Os Estados Unidos e seus aliados, através da ONU, ameaçam intervir.
Tudo esbarra, porém, na oposição da Rússia, que mantém excelentes relações com a Iugoslávia de Milosevic.
O avanço das tropas de Milosevic enfraqueceu a posição do presidente eleito (mas não reconhecido internacionalmente) do Kosovo, Ibrahim Rugova. Ele sempre defendeu o diálogo, mas agora tem de conviver com o crescimento das atividades dos guerrilheiros do Exército de Libertação do Kosovo (ELK). Financiado principalmente pelos 500 mil kosovares que vivem fora da Iugoslávia, e contando com um discreto apoio da Turquia e dos países árabes, o ELK defende abertamente a aproximação com a Albânia.
O aquecimento da situação no Kosovo coloca outra vez os Bálcãs diante do fantasma da guerra total. Uma explosão no Kosovo poderia reacender os rancores na Albânia, além de lançar este país - o mais pobre da Europa em um conflito de grandes proporções contra a Iugoslávia. Mas o grande perigo está mesmo na Bósnia. Uma guerra total entre as tropas de Milosevic e os separatistas albaneses do Kosovo tornaria muito improvável a manutenção do frágil equilíbrio político acertado em Dayton.
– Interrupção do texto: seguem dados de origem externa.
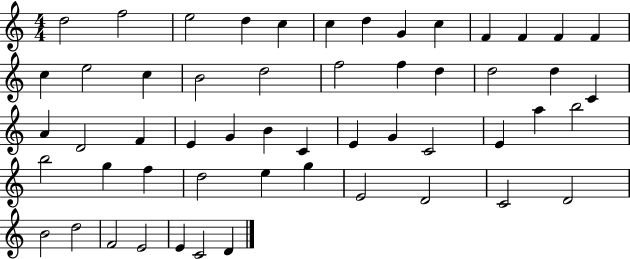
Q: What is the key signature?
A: C major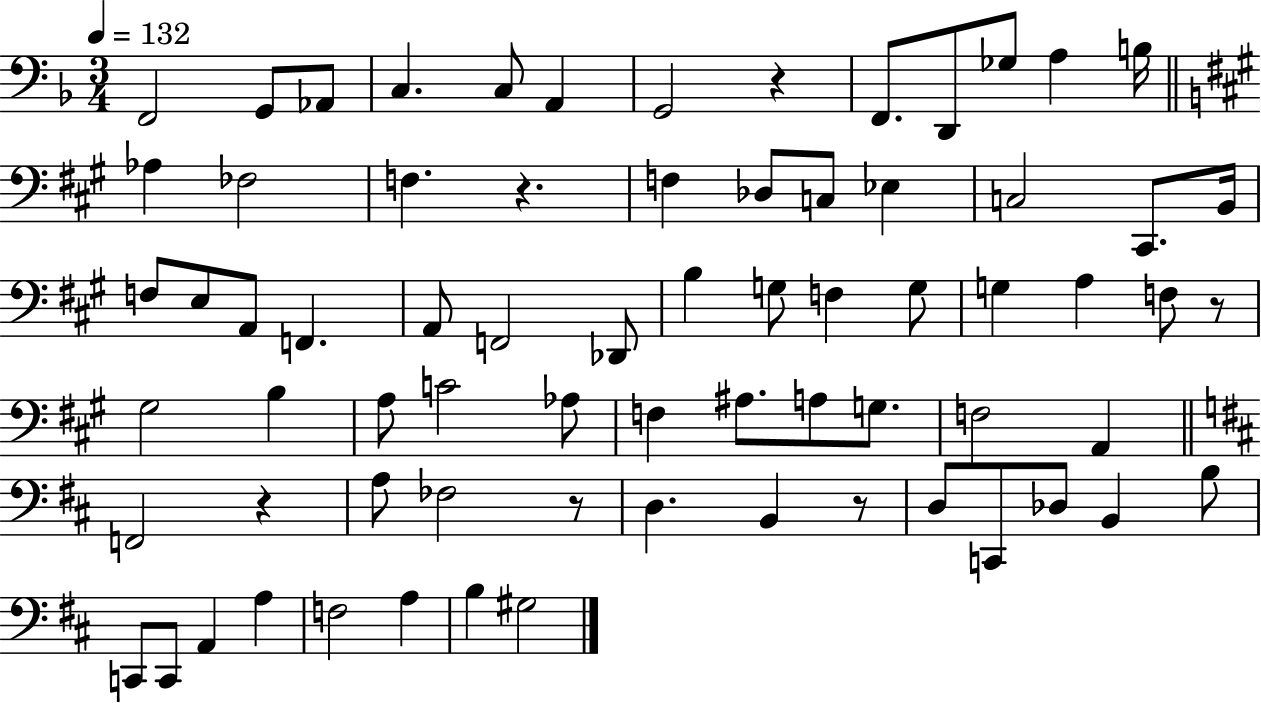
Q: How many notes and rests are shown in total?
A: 71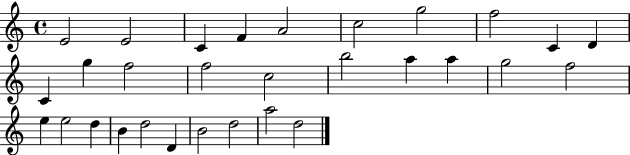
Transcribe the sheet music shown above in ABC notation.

X:1
T:Untitled
M:4/4
L:1/4
K:C
E2 E2 C F A2 c2 g2 f2 C D C g f2 f2 c2 b2 a a g2 f2 e e2 d B d2 D B2 d2 a2 d2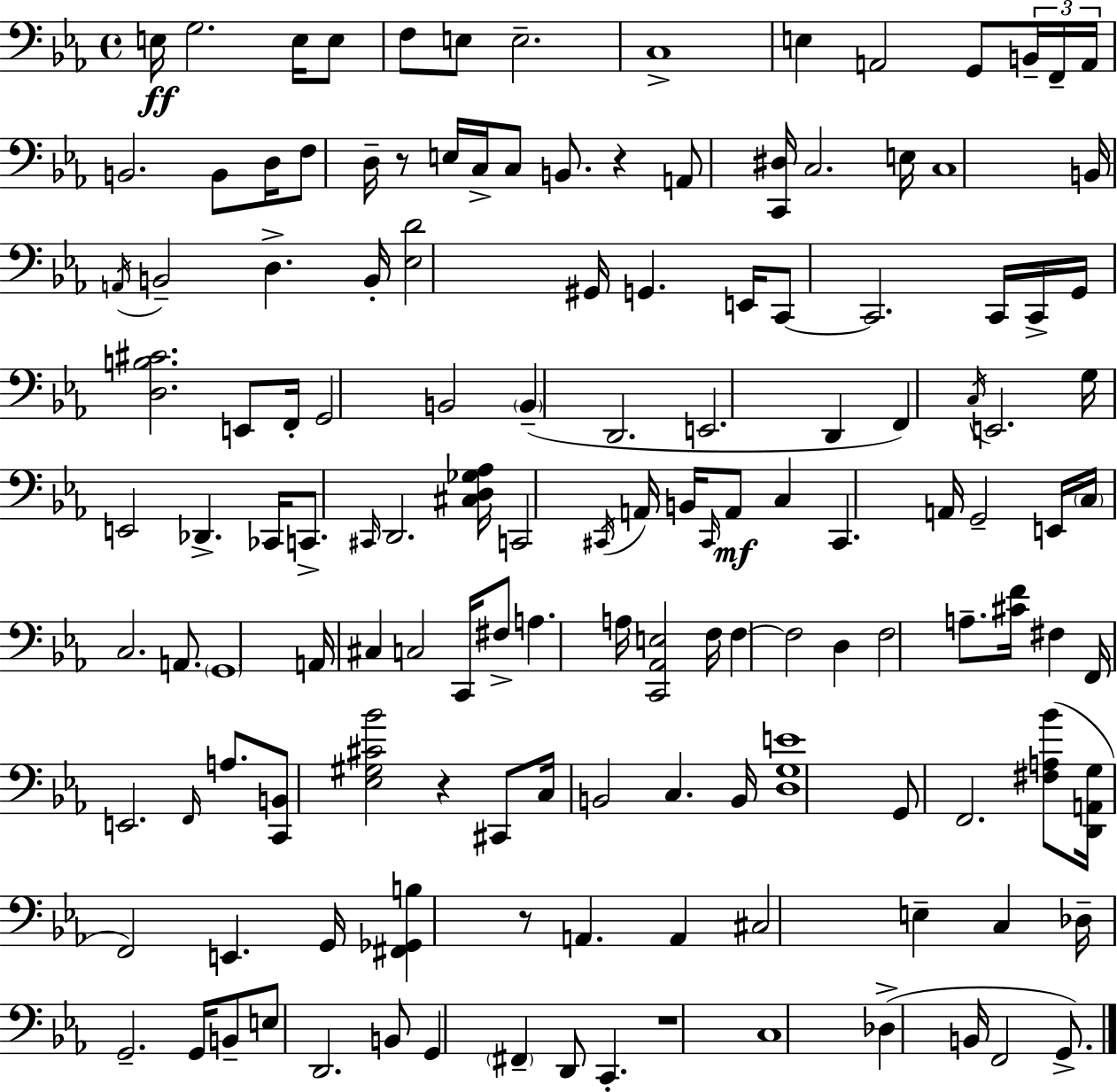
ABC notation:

X:1
T:Untitled
M:4/4
L:1/4
K:Eb
E,/4 G,2 E,/4 E,/2 F,/2 E,/2 E,2 C,4 E, A,,2 G,,/2 B,,/4 F,,/4 A,,/4 B,,2 B,,/2 D,/4 F,/2 D,/4 z/2 E,/4 C,/4 C,/2 B,,/2 z A,,/2 [C,,^D,]/4 C,2 E,/4 C,4 B,,/4 A,,/4 B,,2 D, B,,/4 [_E,D]2 ^G,,/4 G,, E,,/4 C,,/2 C,,2 C,,/4 C,,/4 G,,/4 [D,B,^C]2 E,,/2 F,,/4 G,,2 B,,2 B,, D,,2 E,,2 D,, F,, C,/4 E,,2 G,/4 E,,2 _D,, _C,,/4 C,,/2 ^C,,/4 D,,2 [^C,D,_G,_A,]/4 C,,2 ^C,,/4 A,,/4 B,,/4 ^C,,/4 A,,/2 C, ^C,, A,,/4 G,,2 E,,/4 C,/4 C,2 A,,/2 G,,4 A,,/4 ^C, C,2 C,,/4 ^F,/2 A, A,/4 [C,,_A,,E,]2 F,/4 F, F,2 D, F,2 A,/2 [^CF]/4 ^F, F,,/4 E,,2 F,,/4 A,/2 [C,,B,,]/2 [_E,^G,^C_B]2 z ^C,,/2 C,/4 B,,2 C, B,,/4 [D,G,E]4 G,,/2 F,,2 [^F,A,_B]/2 [D,,A,,G,]/4 F,,2 E,, G,,/4 [^F,,_G,,B,] z/2 A,, A,, ^C,2 E, C, _D,/4 G,,2 G,,/4 B,,/2 E,/2 D,,2 B,,/2 G,, ^F,, D,,/2 C,, z4 C,4 _D, B,,/4 F,,2 G,,/2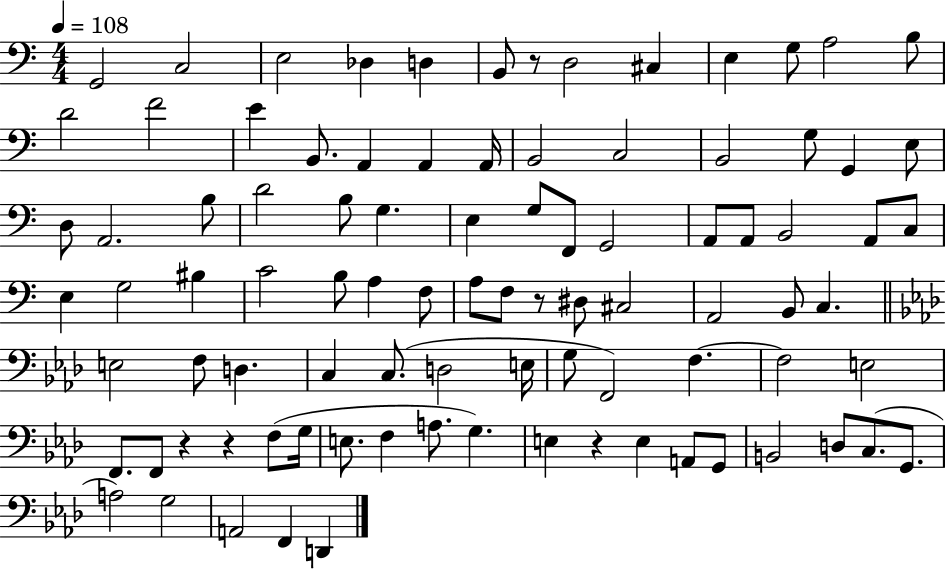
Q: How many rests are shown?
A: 5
Como esperar que muçulmanos continuem a dividir a mesma federação com os sérvios, se bem ao lado, no Kosovo, eles estiverem se matando?
É bom refletir sobre uma frase do historiador inglês Eric Hobsbawm, dita no momento da assinatura do acordo de Dayton. “Essa não é uma boa paz. Mas qualquer paz é melhor do que a guerra”.